At the fervent pitch a blast of trumpets rises in challenging phrase, in incisive clash of chord, with the early sense of Parnassian ascent. At the end of this brave fanfare we hear a soft plea of the descending tone that prompts a song of true lyric melody, with the continuing gentlest touch of regret, all to a sweetly bewildering turn of pace. So tense

[Music: (Continuing organ pt. of violins) (Fl. & clar. dolce) Animando (Melody in ob. dolce) (Strings)]

and subtle an expression would utterly convert us to the whole harmonic plan, were it not that just here, in these moving moments, we feel a return to clearer tonality. But it is a joy to testify to so devoted a work of art.

With the last notes of melody a new frisking tune plays in sauciest clashes of chord, with an enchanting stretch of ringing brass. A long merriment ensues in the jovial trip, where the former theme of horns has a rising cadence; or the tripping tune sings in united chorus and again through its variants. After a noisy height the dulcet melody (from the descending tone) sings in linked sweetness. In the later tumult we rub our eyes to see a jovial theme of the bass take on the lines of the wistful melody. Finally, in majestic tread amid general joyous clatter the brass blow the gentle song in mellowed tones of richest harmony.

CHADWICK.[A] SUITE SYMPHONIQUE (IN E FLAT).

[Footnote A: George W. Chadwick, American, born in 1854.]

With a rush of harp and higher strings the Suite begins on ardent wing in exultant song of trumpets (with horns, bassoons and cellos) to quick palpitating violins that in its higher flight is given over to upper reeds and violas. It is answered by gracefully drooping melody of strings and harps topped by the oboes, that lightly descends from the heights with a cadence long delayed, like the circling flight of a great bird before he alights. Straightway begins a more pensive turn of phrase (of clarinet and lower strings) in distant tonal scene where now the former (descending) answer sings timidly in alternating groups. The pensive melody returns for a greater reach, blending with the original theme (in all the basses) in a glowing duet of two moods as well as melodies, rising to sudden brilliant height, pressing on to a full return of the first exultant melody with long, lingering, circling descent.

The listener on first hearing may be warned to have a sharp ear for all kinds of disguises of the stirring theme and in a less degree, of the second subject. What seems a new air in a tranquil spot, with strum of harp,—and new it is as expression,—is our main melody in a kind of inversion. And so a new tissue of song continues, all of the original fibre, calming more and more from the first fierce glow. A tuneful march-like strain now plays gently in the horns while the (inverted) expressive air still sounds above.

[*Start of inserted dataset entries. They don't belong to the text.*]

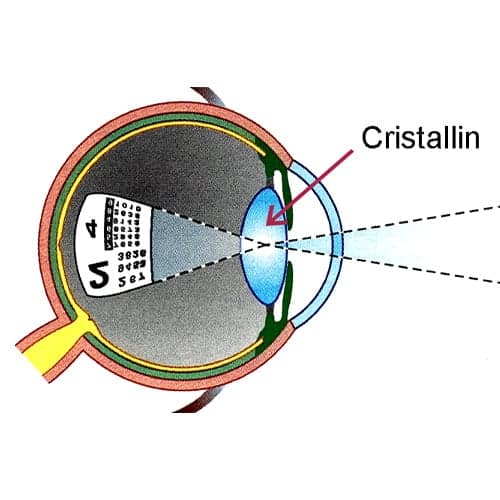 cristallin oeil definition cataracte chirurgien ophtalmologue paupieres paris docteur florence pouget theron paris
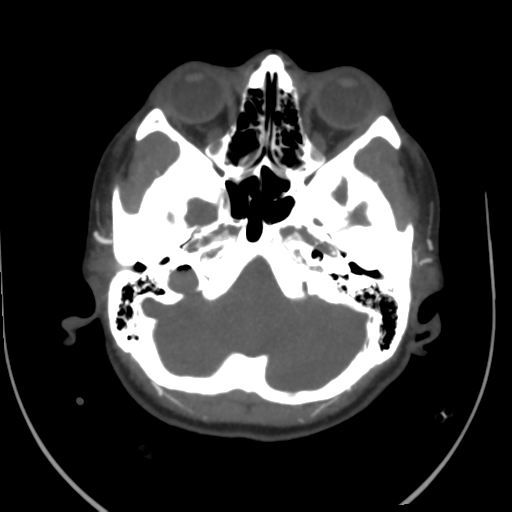 File:Colloid cyst (resulting in death) (Radiopaedia 33423-34499 A 12).png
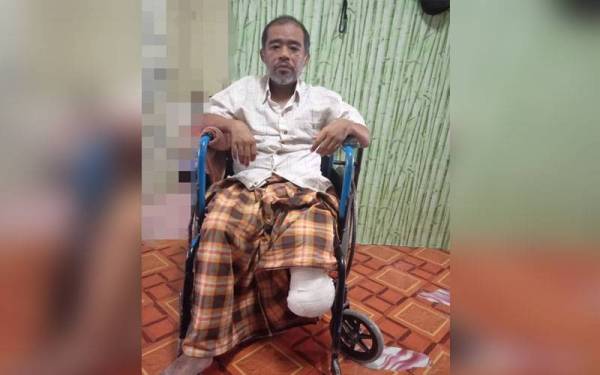 Sazali Ibrahim, 45, hilang sebelah kaki akibat penyakit kencing manis kronik.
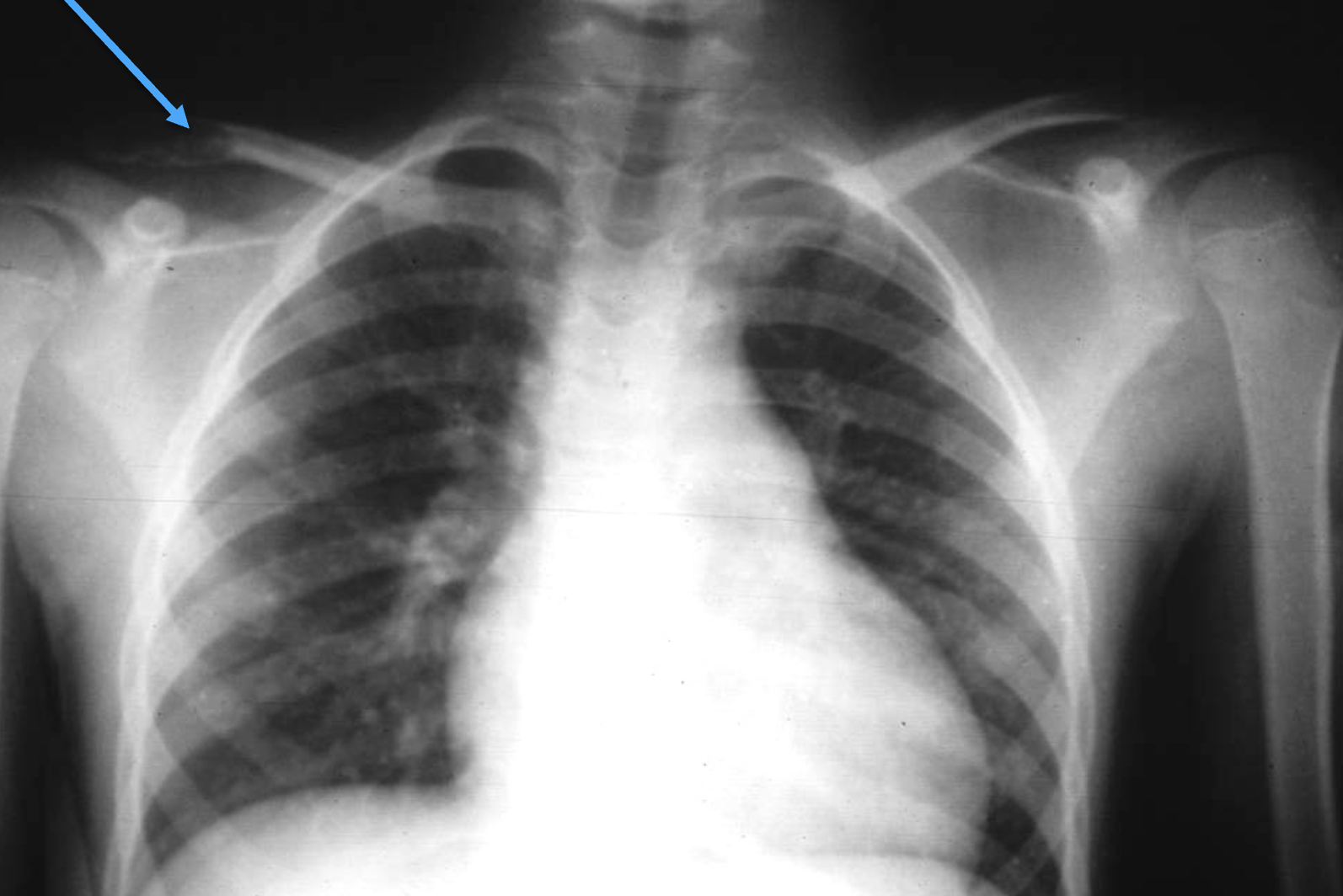 <p>What tumour-like condition is this, what bone is it in and what can be seen?</p><p></p>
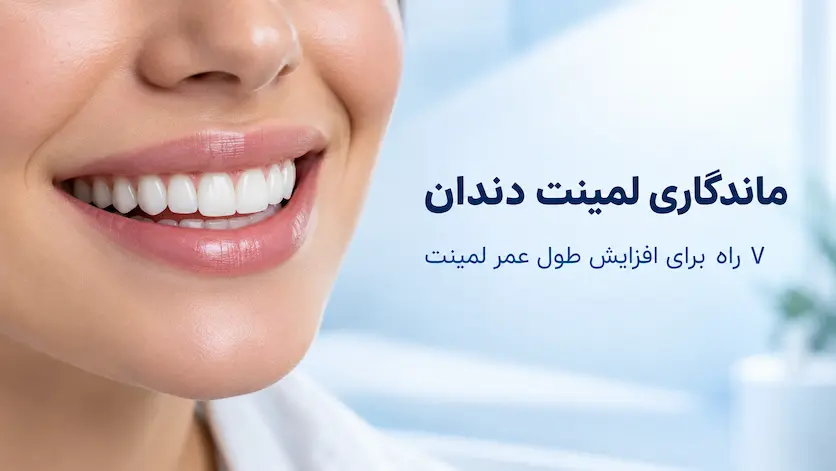 ماندگاری لمینت دندان چقدر است؟ ۷ راه افزایش طول عمر لمینت ماندگاری لمینت دندان چقدر است؟ ۷ راه افزایش طول عمر لمینت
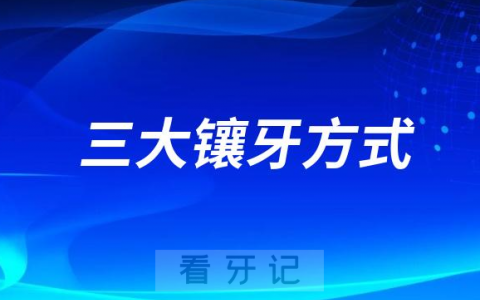 活动牙固定牙种植牙三大镶牙方式哪种最好该镶哪种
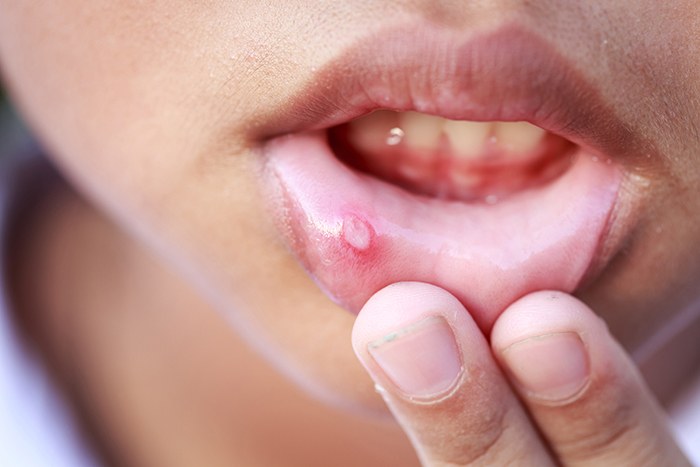 Causas: por qué aparecen las llagas en la boca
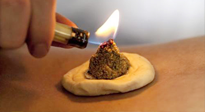 【艾灸知識(shí)】十大常見艾灸不良反應(yīng)，及處理方法！建議收藏！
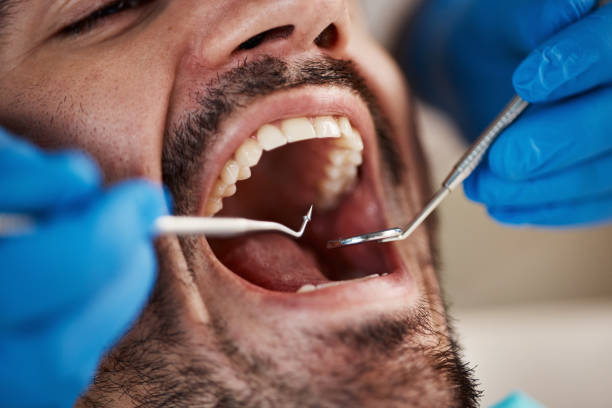 Best Emergency Wisdom Teeth Removal in Rye Brook, NY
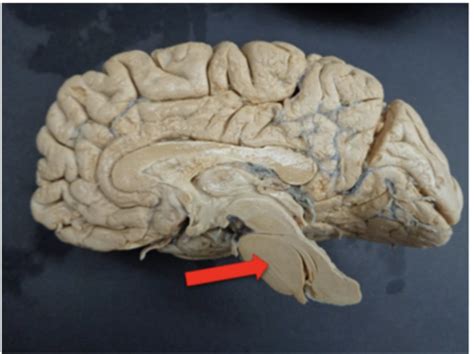 MSMS Neuroscience Lab Flashcards Quizlet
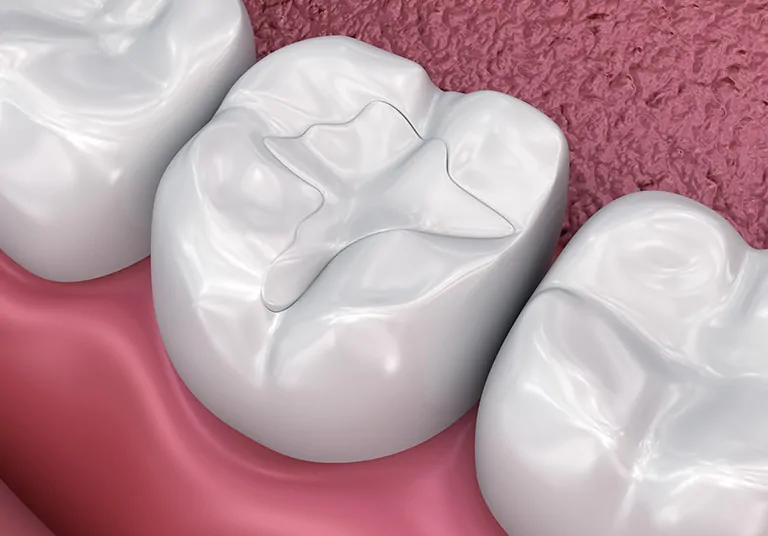 Restorative Fillings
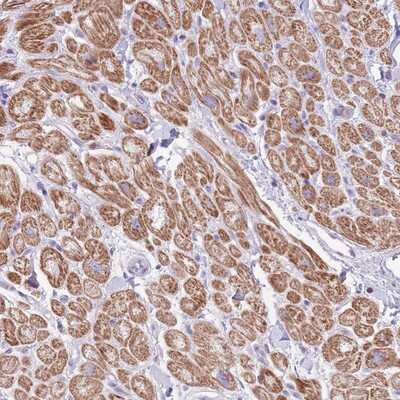 Immunohistochemistry-Paraffin: OR4Q3 Antibody [NBP2-13700]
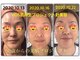 エステルーム ソルビエの写真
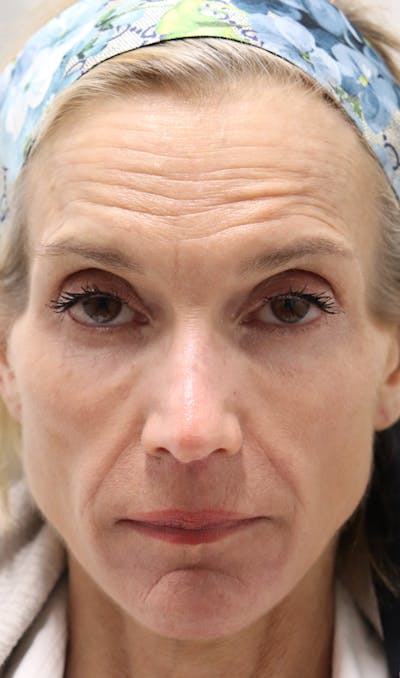 Cheek & Under Eye Filler Before & After Gallery - Patient 145354929 - Image 1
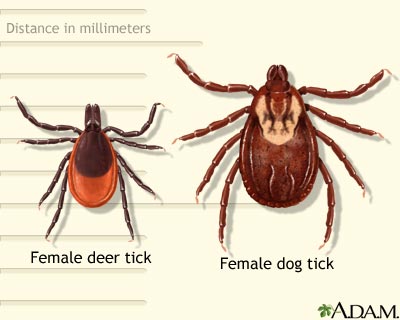 Deer and dog tick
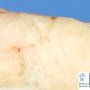 Mammary fibroadenoma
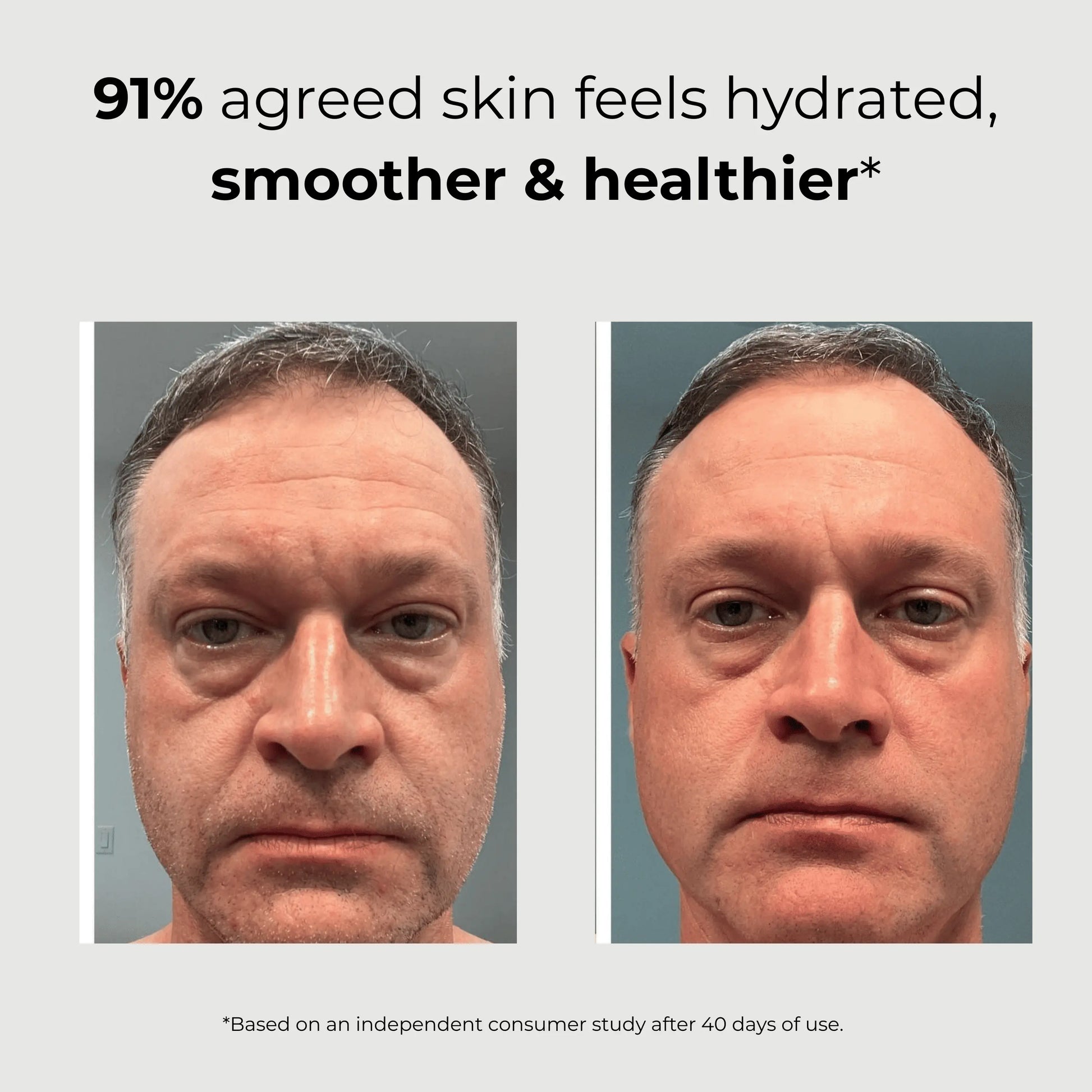 ABERA Men Retinol Serum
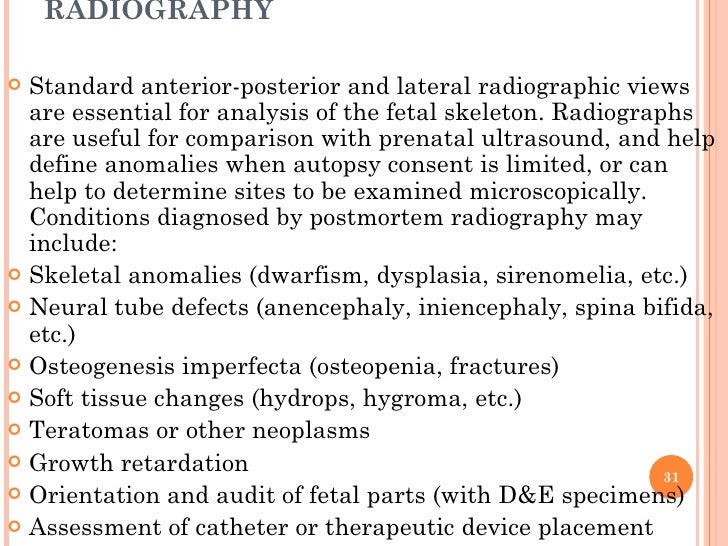 RADIOGRAPHY <ul><li>Standard anterior-posterior and lateral radiographic views are essential for analysis of the fetal ske...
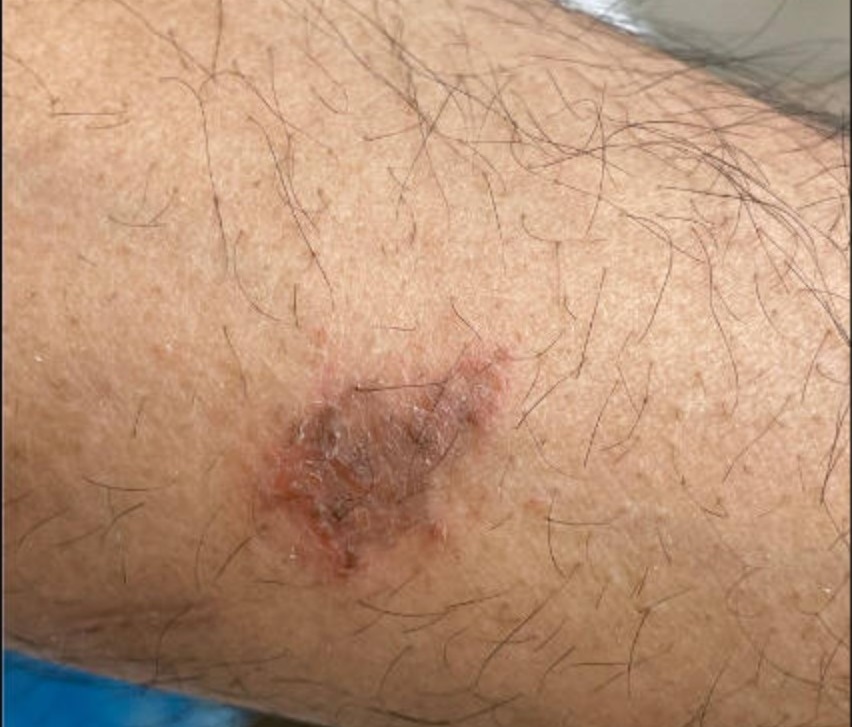 Figure 8 Verrucous lesion on forearm February 2023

[Music: (Oboe with 8ve. flute) (Oboe) (Horns) Calmato ed espressivo assai]

When all has quieted to dim echoing answers between horn and reed, a final strain bursts forth (like the nightingale's voice in the surrounding stillness) in full stress of its plaint. And so, in most natural course, grows and flows the main balancing melody that now pours out its burden in slower, broader pace, in joint choirs of wood and strings.

[Music: Meno mosso e largamente (Woodwind above, strings below) (pizz. basses)]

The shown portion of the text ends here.